さて、今回の「皇室文書」をめぐる不服審査で何を得ることができたのだろうか。
感想めいたものを書き残しておきたい。
まずは「皇室文書」の定義について、完全では無いにしろ、一定程度の情報を得ることができたことは成果だっただろう。
前章の「当該文書(「業務日誌」昭和33年)の性質」の項目で述べたように、皇室の私的文書に限定した定義がなされているであろうということが推測できた。
ただ、宮内公文書館のような非現用文書を扱う所ではそれほど問題にならないだろうが、現在皇室文書として日々更新されている文書はどうなっているのだろうか気になる所ではある。
例えば、愛子内親王に関する日誌などだ。
こういったものはいったいどういう管理の仕方をしているのだろうか。
目録に無い文書群が、宮内庁の各部局で発生していないだろうか。
その場合の文書管理はきちんとなされているのだろうか。
また、前から気になっているが、宮中祭祀をつかさどるため、現在では天皇の私的な使用人となっている掌典職の文書はどのような管理のされ方をされているのだろうか。
掌典職は戦前は宮内省の一部局であった。
しかし、戦前の文書も含めて、宮内公文書館には文書が一切移管されていない。
完全にブラックボックス化してしまっている。
宮内庁という組織は、日本国憲法施行時に、戦前との整合性を合わせるために相当な無理を通して作られた組織である。
そのため、公私の区別も簡単では無い。
よって、公私の区別を明確化することを要求する情報公開法や公文書管理法という法律にはそぐわない側面が、様々な形で噴出してこざるをえない。
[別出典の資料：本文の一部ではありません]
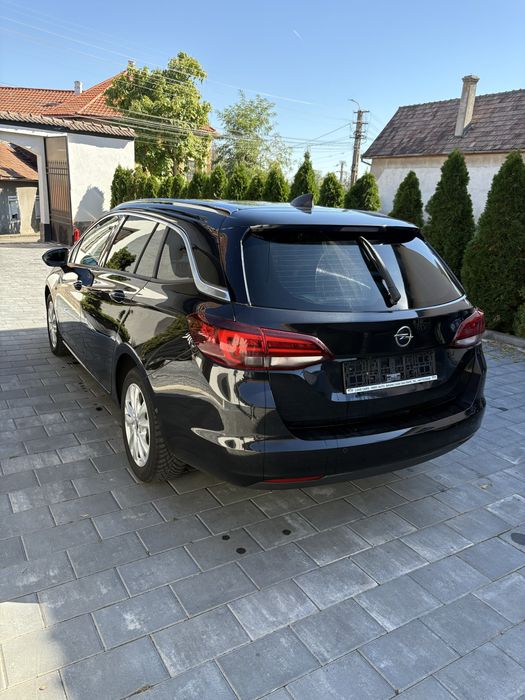 Opel Astra K 1.6CDTI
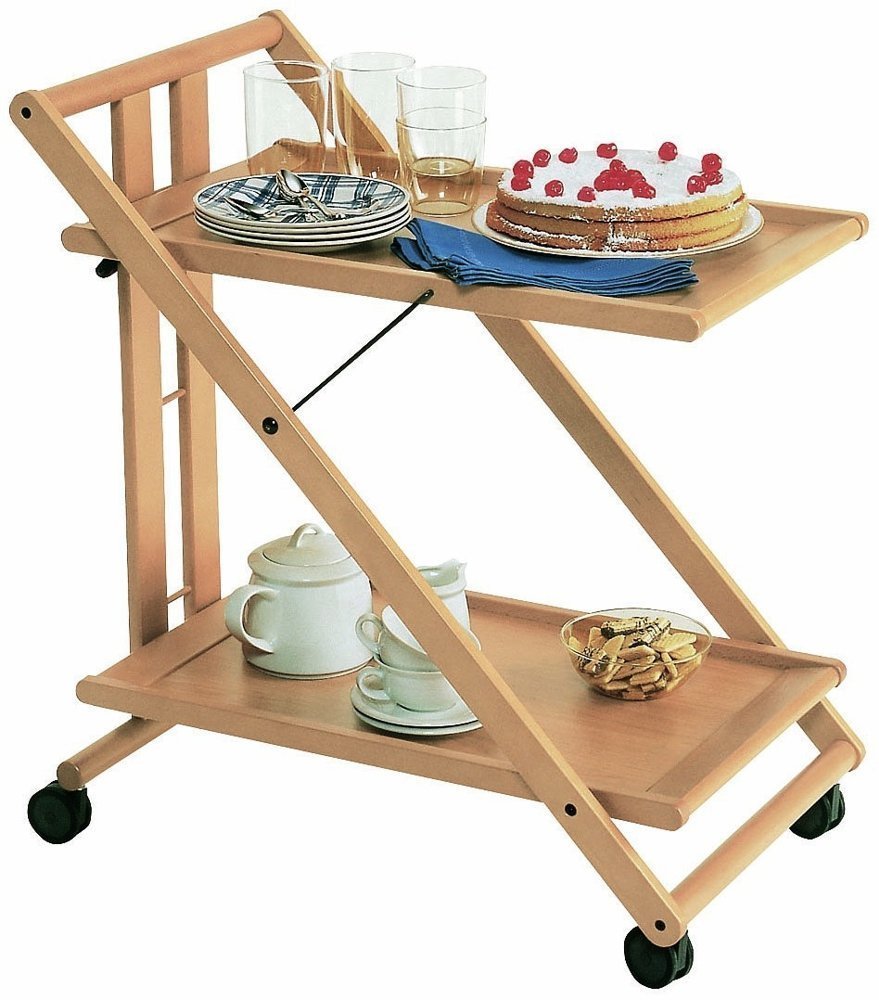 Сервировочный столик Sprint Foppapedretti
これはこういう組織である以上、やむをえない側面でもある。
だが、だからといってその公私の判断を宮内庁任せにしては、元々情報公開に積極的では無い官庁である以上、どんどんと情報を隠す方向に向かうだろう。
今後も「皇室文書」は、必要悪という形で宮内庁の中で残っていくだろう。
ただ、それを存在しないものとするよりは、「皇室文書」に明確な定義をきちんとすることが必要だと思う。
法的な問題が絡むので簡単では無いとは思うが。
なお、今回の件で、私も誤解していた部分がいくつもあり、その点については氷解した部分があった。
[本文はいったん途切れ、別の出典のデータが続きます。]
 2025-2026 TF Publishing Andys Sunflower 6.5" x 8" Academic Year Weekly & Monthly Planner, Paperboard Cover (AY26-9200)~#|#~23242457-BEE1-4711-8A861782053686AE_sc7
法定目録を作る経緯の部分や、なぜ私が閲覧できた文書が目録から無くなったのかという経緯については、同意はしないけど理解はできた。
その意味でもやはりきちんと委員会の場で争ったのは良かったと思っている。
この文書の問題は、天皇制のあり方そのものとも直結しており、非常に難しい案件であったと思う。
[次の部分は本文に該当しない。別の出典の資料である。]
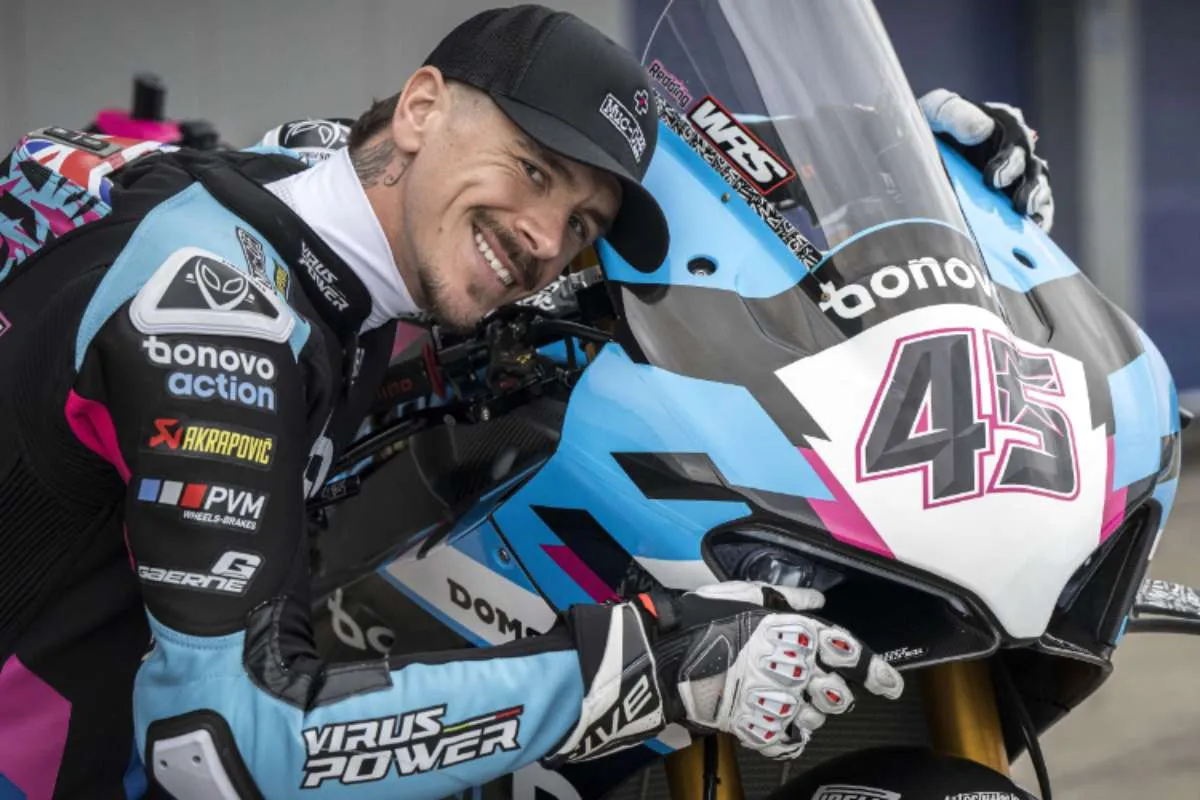 scott redding superbike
だが、今後もこの問題には継続的に取り組んでいきたいと考えている。
追記
なお、この答申や宮内庁の最終決定に対して、裁判を起こして戦うという道が残されている。
だが、そこまでやる気は無い。
というのも、今回の公文書管理委員会の答申を書いた3名の委員の方の多くは、私の活動に理解のある方である。
その方々がこういった結論を出した以上、これ以上の結論を裁判で望めることはないだろう。
この件については、ここが潮時だろう。
ただ、今回の答申に関わった委員の先生方の名誉を守るために、きちんとこれだけは書き残しておきたい。
今回の不服申立を行って以降、答申に関わった3名の委員の方に、私の方からこの件に関して何か特別な情報提供をしたとか、御願いをしたということは一切無い。
私の方から遠慮して、できる限りこの審査に関わることは話さないようにしていた。
(一回、某委員から、形式的な用件ではあるが、この件に関係する話を振られたことがあって、相当に焦ったことはある。関係者が一杯いる場所でもあったので・・・)
もちろん「無いことを無い」と証明するのは悪魔の証明なので無理だが、この点については私の言葉に嘘偽りは一切無い。
これは公文書管理委員会の正当性に関わることなので、私も相当に神経は使った。
ブログで途中経過を書かなかったのも、そのことが理由の一つであった。
2012年8月29日。瀬畑記。